Rule 5.5, particularly 5.5(c) and (d), and applicable comments allow active attorneys licensed in other jurisdictions who regularly practice law, and who are not disbarred or suspended from the practice of law, to practice in Kentucky on a temporary basis and to practice as Kentucky House Counsel. Attorneys must be on active status. (Comment 7).
Rule 5.5 generally prohibits attorneys from practicing law in a jurisdiction in a way that would violate the regulation of the legal profession in that jurisdiction. Out-of-state attorneys cannot establish an office or other presence in Kentucky for the practice of law and cannot represent or hold himself or herself out to the public as being admitted to practice in Kentucky.
Out-of-state attorneys are subject to the Kentucky Rules of Professional Conduct and must comply with the Kentucky Pro Hac Vice Rules. If the legal practice does not require pro hac vice admission, attorneys must actively participate in, and assume responsibility for, the representation of the client.

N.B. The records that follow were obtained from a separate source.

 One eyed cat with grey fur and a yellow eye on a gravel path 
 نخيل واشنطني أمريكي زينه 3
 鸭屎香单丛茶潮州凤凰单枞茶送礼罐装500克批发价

For practice under 5.5(c) (Temporary Practice) or 5.5(d) (House Counsel and Practice Authorized by Law), the following comments apply:
Comment 6 states that there is no single test to determine whether an attorney’s services are provided on a “temporary basis” in Kentucky. Services may be “temporary” even though the attorney provides services in Kentucky on a recurring basis or for an extended period of time. An example includes when the attorney is representing a client in a single lengthy negotiation or litigation.
The temporary practices include:
House attorneys may practice under the Kentucky House Counsel Rules, which are referenced in Kentucky’s MJP rule, and exempt house attorneys from the unauthorized practice of law and the prohibition against establishing an office or presence in Kentucky. (Comment 5).

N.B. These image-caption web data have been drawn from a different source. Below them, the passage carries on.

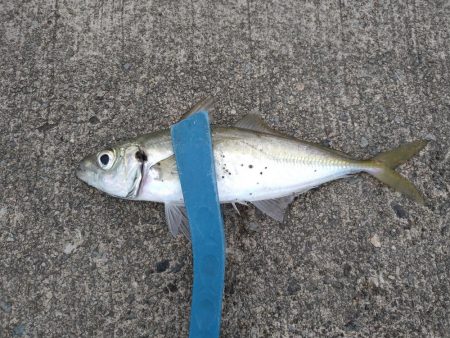 先週のリベンジ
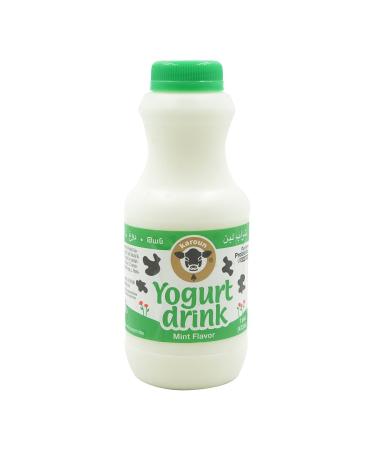 KAROUN Yogurt Drink Mint, 16 FZ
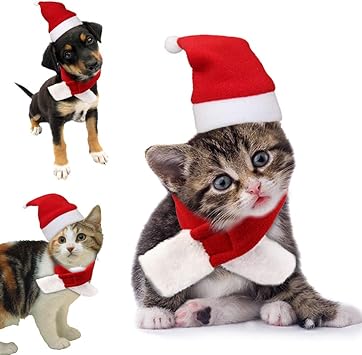 cat christmas outfits uk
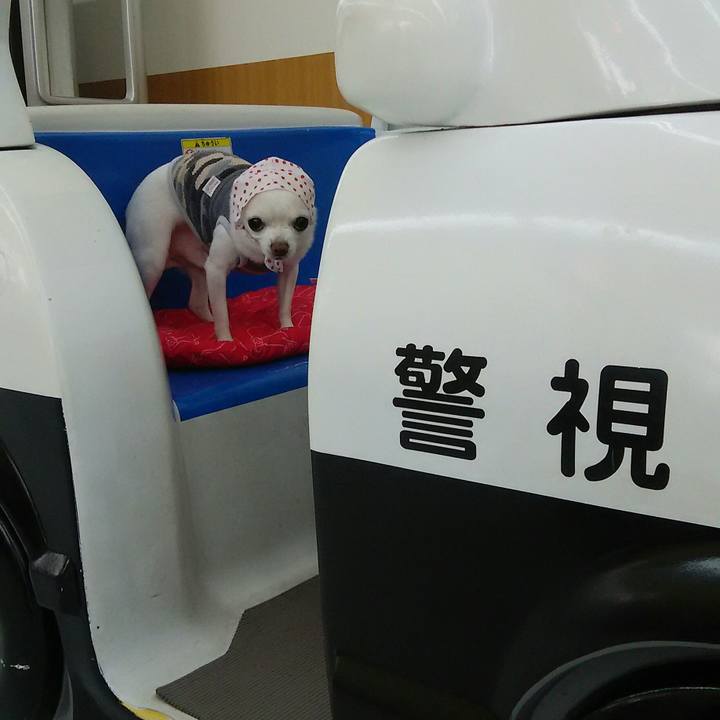 63cdc98b 23a6 47c7 860f ab7e16526358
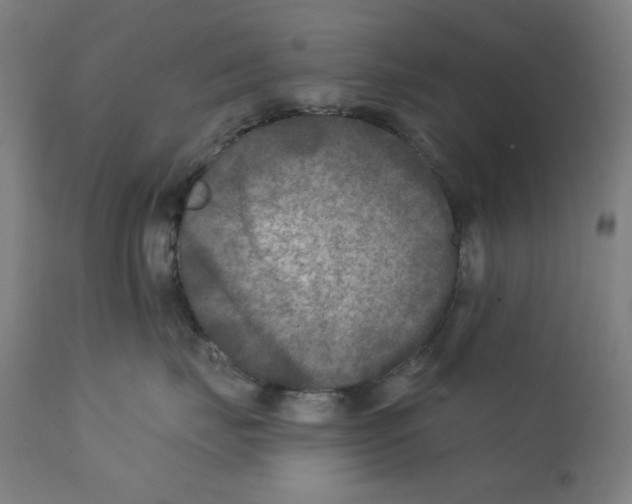 X0000112180671200909041232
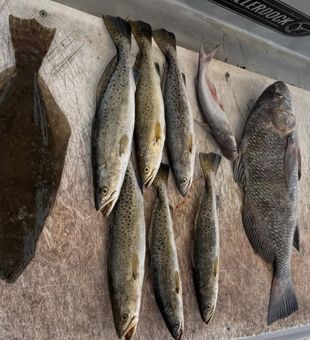 Slidell delivers with flounder, black drum and speckled trout!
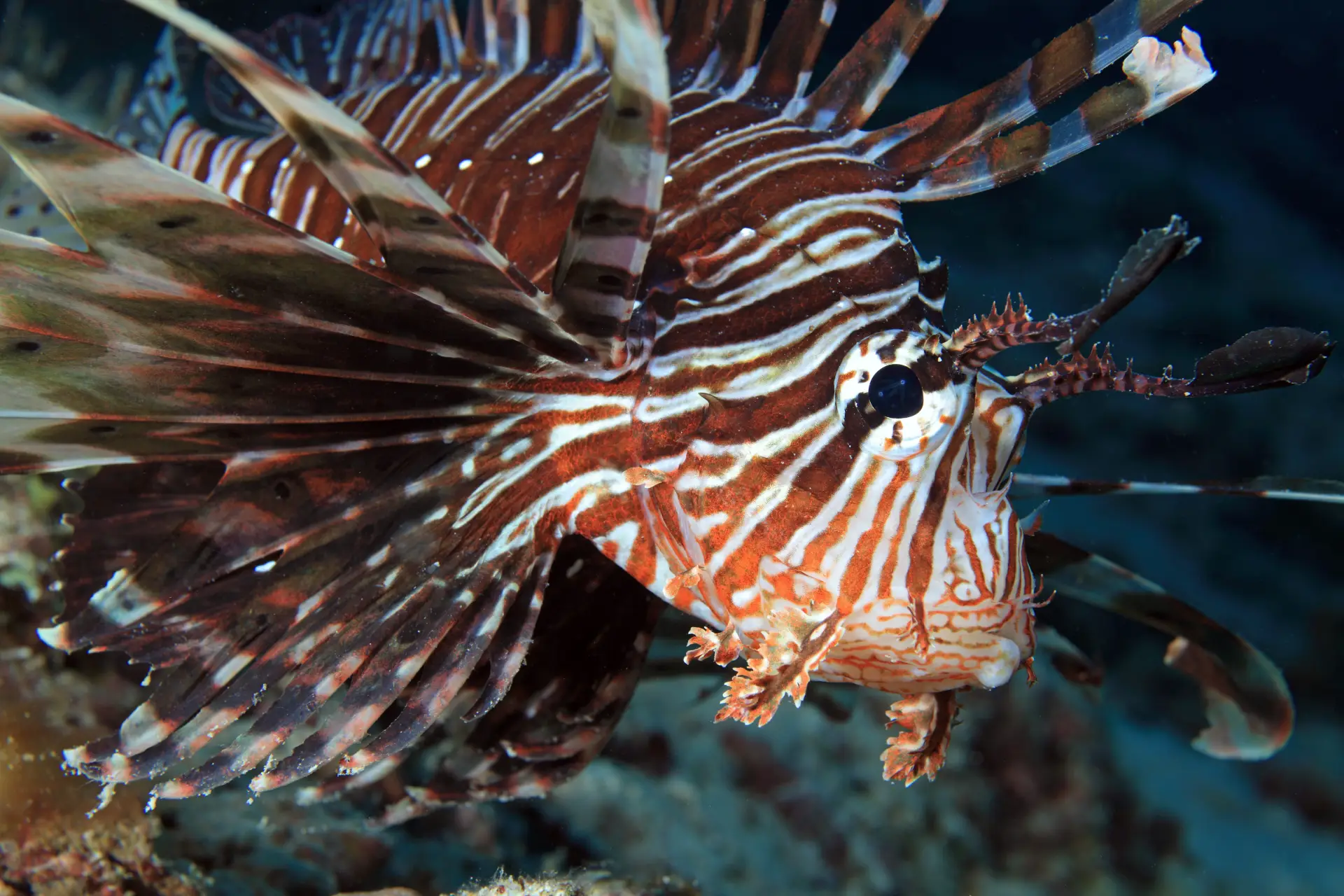 Top 7 Dive Sites in Bohol for Certified Divers 4 lionfish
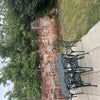 Photo 6: Shared garden 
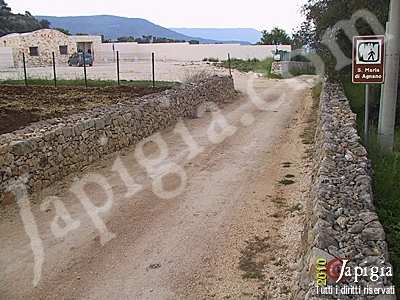 Fotorassegna: Ostuni e Alberobello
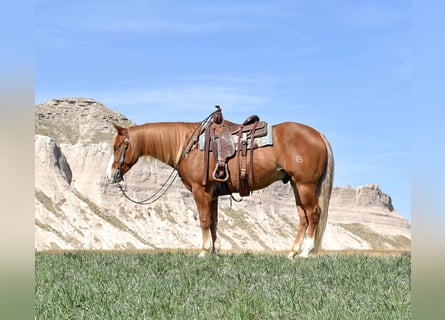 American Quarter Horse, Wallach, 4 Jahre, Rotfuchs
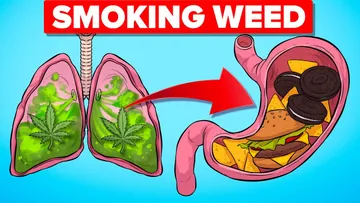 What Happens To Your Body When Smoking Weed Preview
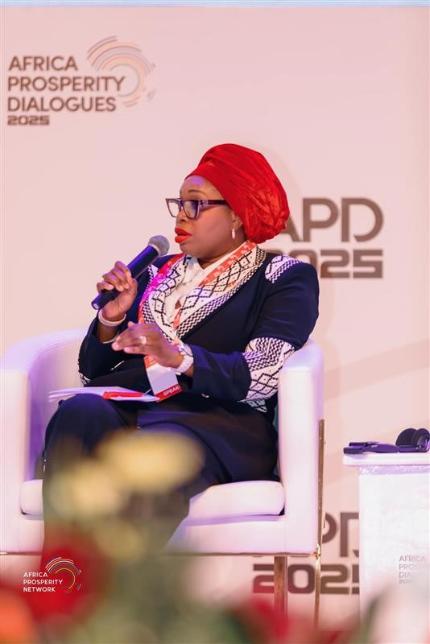 UBA Kone-Thiam Advocates for Bankable Projects at Africa Prosperity Dialogue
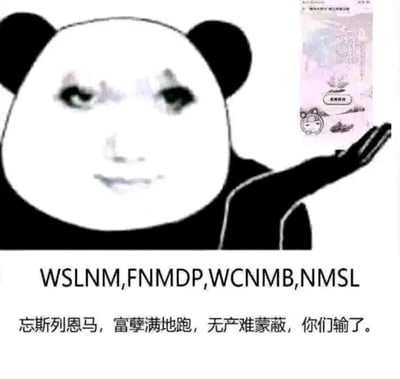 这是一张经过P图改编的静态单图表情包，属于图文混排的表情素材图。图中经典熊猫头的脸部被替换成人类的脸，表情略带嘲讽，眼神戏谑，右手摊开，手掌上方托举着一个类似游戏小程序的界面图。图片下方配有两行文字，第一行是一串常见的网络脏话拼音缩写“WSLNM,FNMDP,WCNMB,NMSL”，第二行则是利用谐音梗将这些脏话缩写改写为看似正常的中文句子“忘斯列恩马，富孽满地跑，无产难蒙蔽，你们输了”，通过谐音的方式消解了脏话的攻击性，同时制造出反差感，形成搞笑戏谑的效果，多用于网络社交互动中，以玩梗的方式表达情绪。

Comment 15 states that the rule does not authorize the provision of personal legal services to the employer’s officers or employees. The rule applies to in-house corporate attorneys and others who are employed to render legal services to the employer.
Attorneys may also render services in Kentucky authorized by Kentucky or federal law. (5.5(d)(2)). Practice under this MJP rule exempts attorneys from the prohibition against establishing an office or presence in Kentucky.
Disciplinary Authority. A lawyer admitted to practice in Kentucky is subject to the disciplinary authority of Kentucky, regardless of where the lawyer’s conduct occurs. A lawyer not admitted in Kentucky is also subject to the disciplinary authority of Kentucky if the lawyer provides or offers to provide any legal services in Kentucky. A lawyer may be subject to the disciplinary authority of both Kentucky and another jurisdiction for the same conduct. (8.5(a)).
Choice of Law. The Kentucky Rules of Professional Conduct are applied as follows:
For conduct in connection with a matter pending before a tribunal, the applicable rules are those of the jurisdiction where the tribunal sits, unless the rules of the tribunal provide otherwise. (8.5(b)(1)).
For any other conduct, the applicable rules are those of the jurisdiction where the lawyer’s conduct occurred, or, if the predominant effect of the conduct is in a different jurisdiction, the rules of that jurisdiction will be applied to the conduct. A lawyer is not subject to discipline if the lawyer’s conduct conforms to the rules of a jurisdiction where the lawyer reasonably believes the predominant effect of the lawyer’s conduct will occur. (8.5(b)(2)).